Nearly two weeks after FTX’s bankruptcy declaration, the former CEO Sam Bankman-Fried (SBF) has compiled another letter to the employees of the now-defunct crypto exchange. Bankman-Fried apologized for failing to ensure “the right things happened at FTX” as the chief executive officer.
Although SBF took the blame for failing to communicate properly to employees when things broke down in FTX, he failed to address the ever-ranging concerns about user funds misappropriation that happened at the company. For the most part, Bankman-Fried pinned FTX fallout to the crypto market crash, in what he said is “a better description of what happened” to the exchange.
SBF’s take on why FTX collapsed
Bankman-Fried claimed in the letter that FTX had approximately $60 billion in collateral against just about $2 billion in liabilities.
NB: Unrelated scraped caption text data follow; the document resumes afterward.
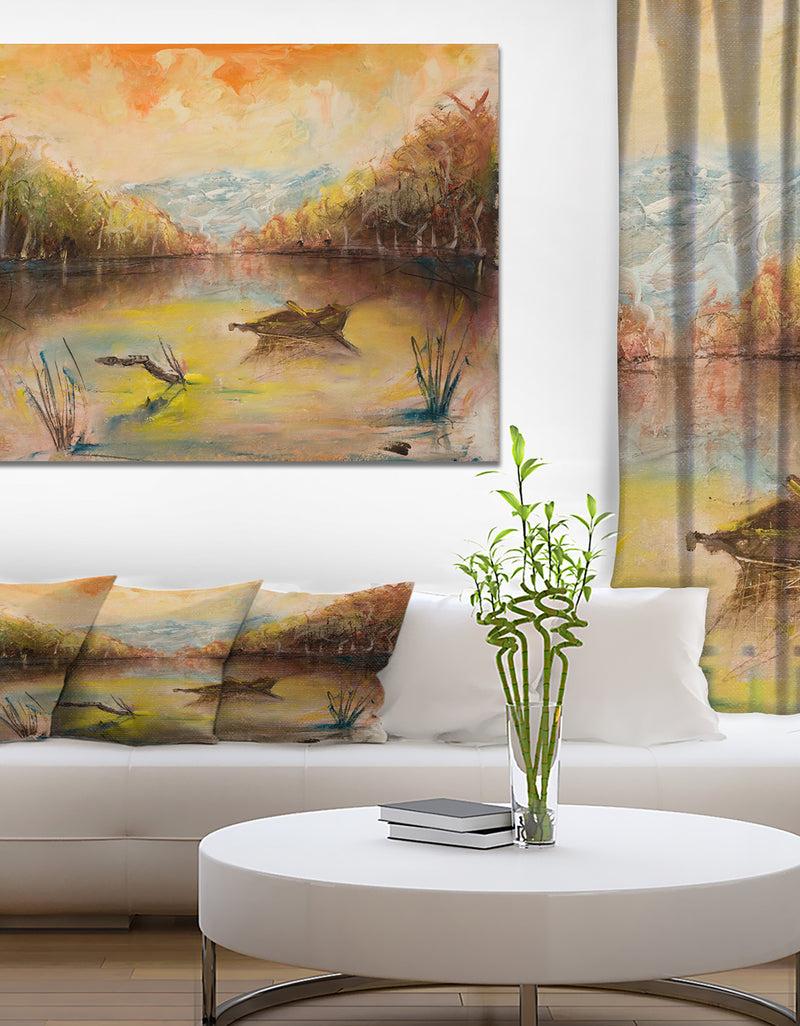 designq Nature in Sunset - Landscapes Painting Print on Wrapped Canvas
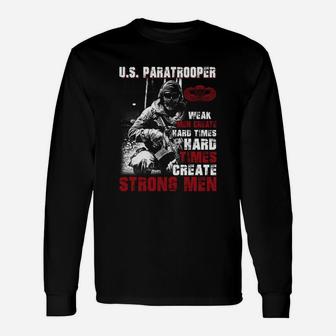 Us Paratrooper Strong Men Long Sleeve T-Shirt - Thegiftio UK
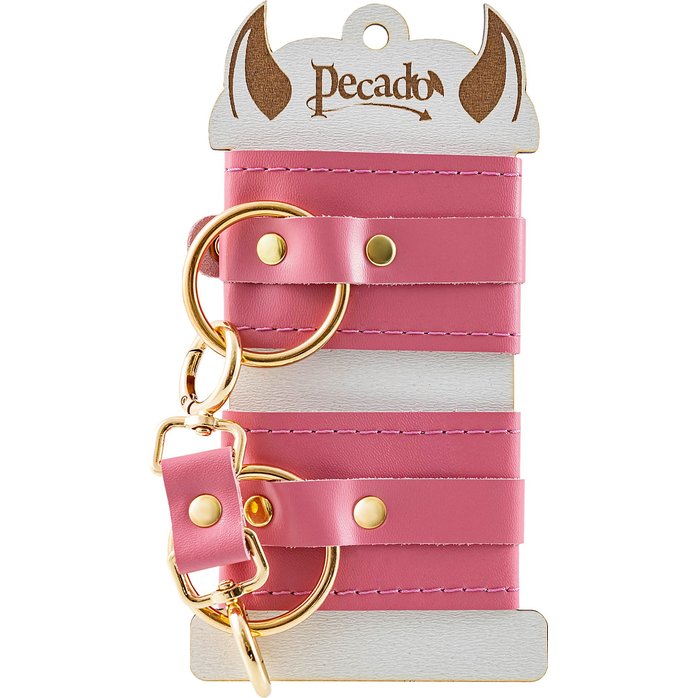 Розовые однослойные кожаные наручники. Фотография 5.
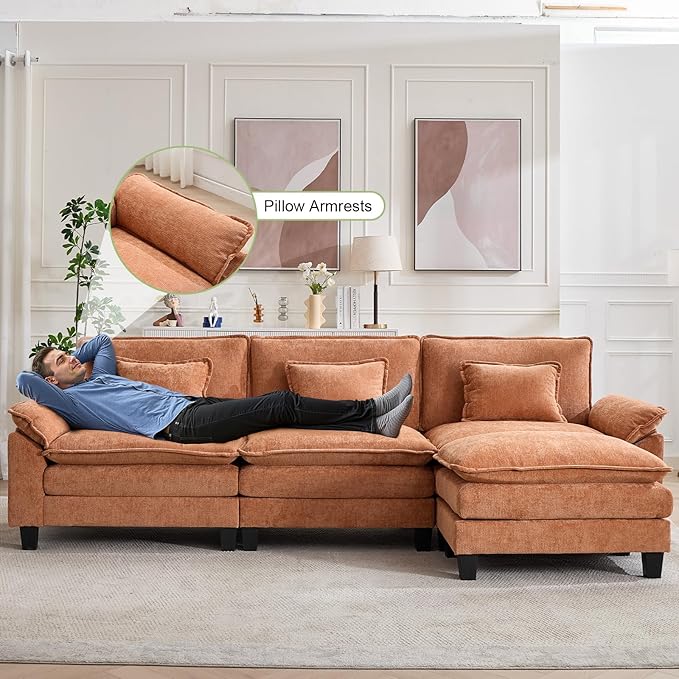 Oprisen 120" Modular Sectional Sofa, Comfy Cloud Couch Sectional Sofa with Ottoman, Chenille Sofa Sleeper Deep Seat Sofa with Throw Pillows for Living Room (Orange, 120"- L Shape)
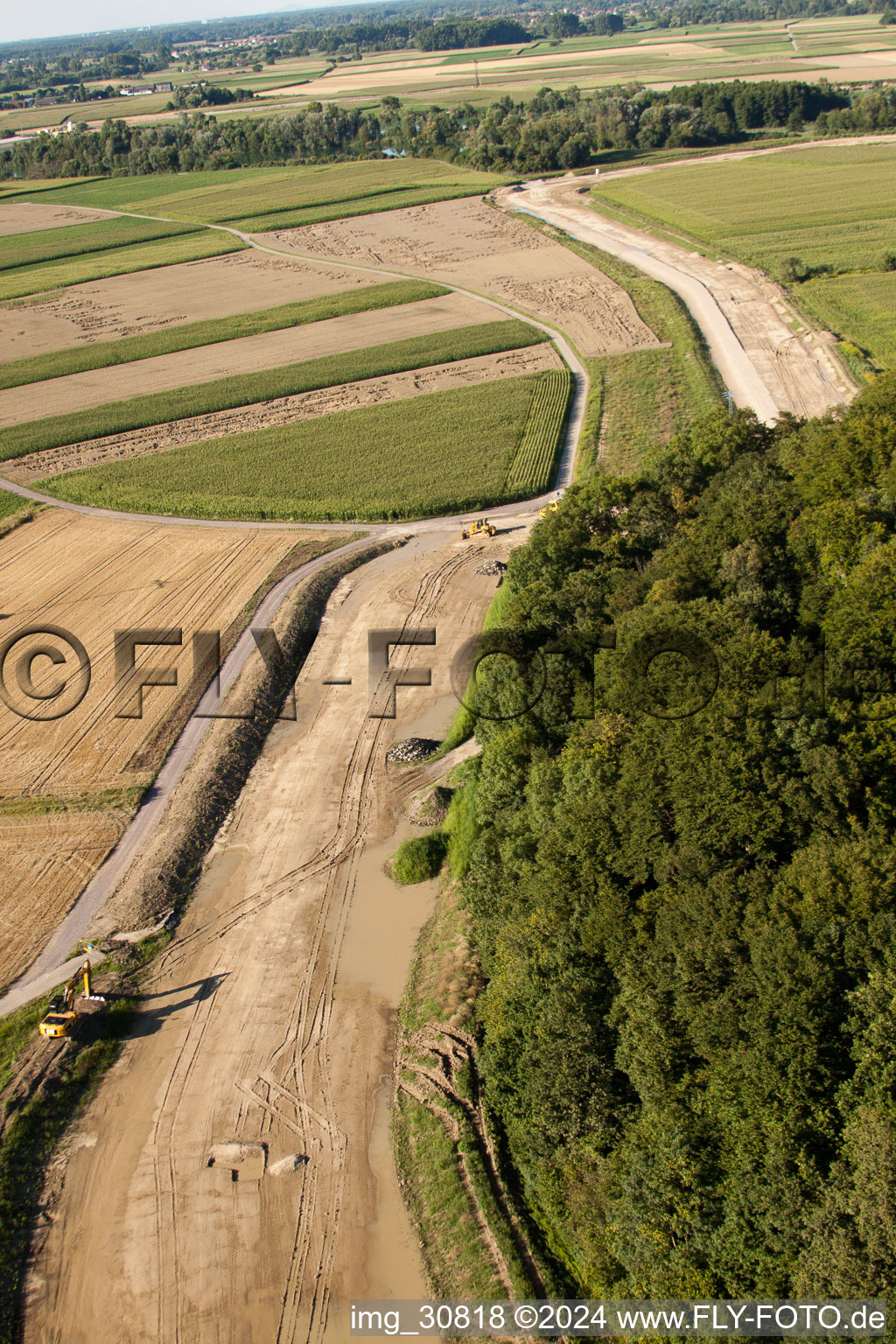 Aerial photograpy of Polder construction in Neupotz in the state Rhineland-Palatinate, Germany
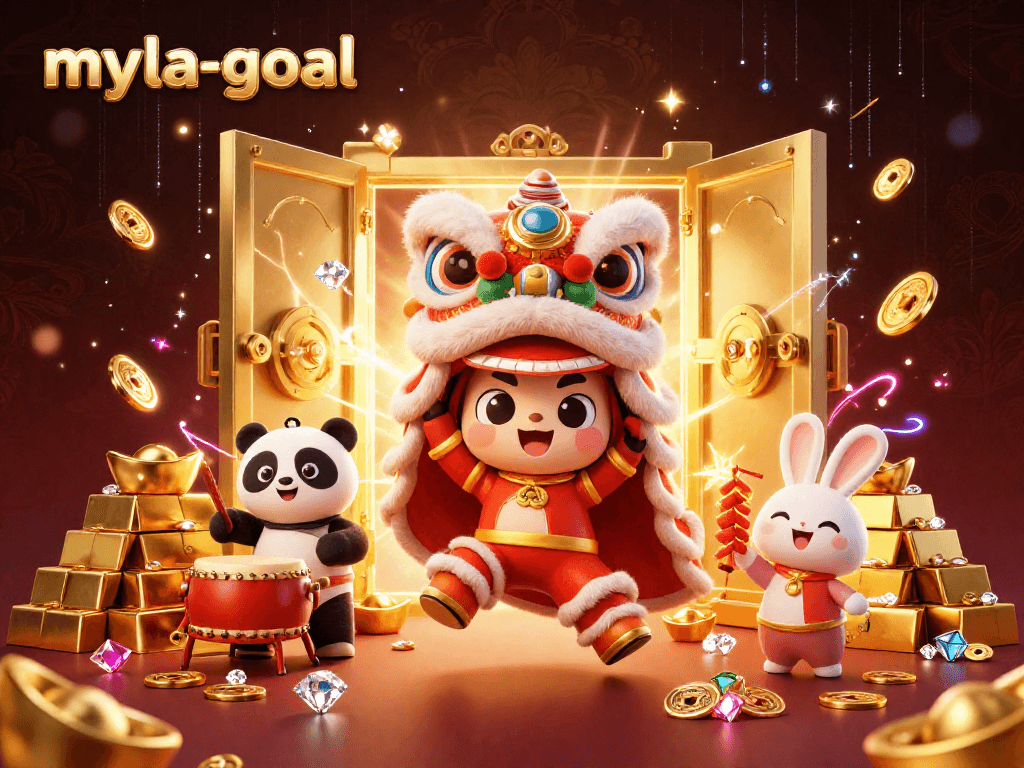 Experience the excitement of myla-goal with a vibrant 3D illustration featuring engaging gambling elements and characters.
But, due to the downturn in the crypto market, the assets dropped by 50% to $30 billion, with the liabilities remaining unchanged. In light of the first wave of credit crunch stirred by Terra, Voyager, and 3AC collapse, FTX’s assets declined to approx $25 billion, with liabilities increasing to $8 billion.
From that point, the collateral dropped by another 50% due to a “concentrated, hyper-correlated crash” in early November, leaving the assets at $17 billion against $8 billion in liabilities, SBF added. FTX was later left with $9 billion in collateral following the “run on the bank,” which SBF said was caused by the same market factors in November.
“As we frantically put everything together, it became clear that the position was larger than its display on admin/users, because of old fiat deposits before FTX had bank accounts,” Bankman-Fried wrote. “I never intended this to happen. I did not realize the full extent of the margin position.”
Meanwhile, this downplays previous concerns of user funds mismanagement at FTX, which many believed actually led to the “run on the bank” following the stunning events that unfolded regarding the exchange’s balance sheet. In a recent filing with the District of Delaware bankruptcy court, the newly-appointed CEO of FTX, John Ray, exclaimed about serious financial mismanagement at the exchange.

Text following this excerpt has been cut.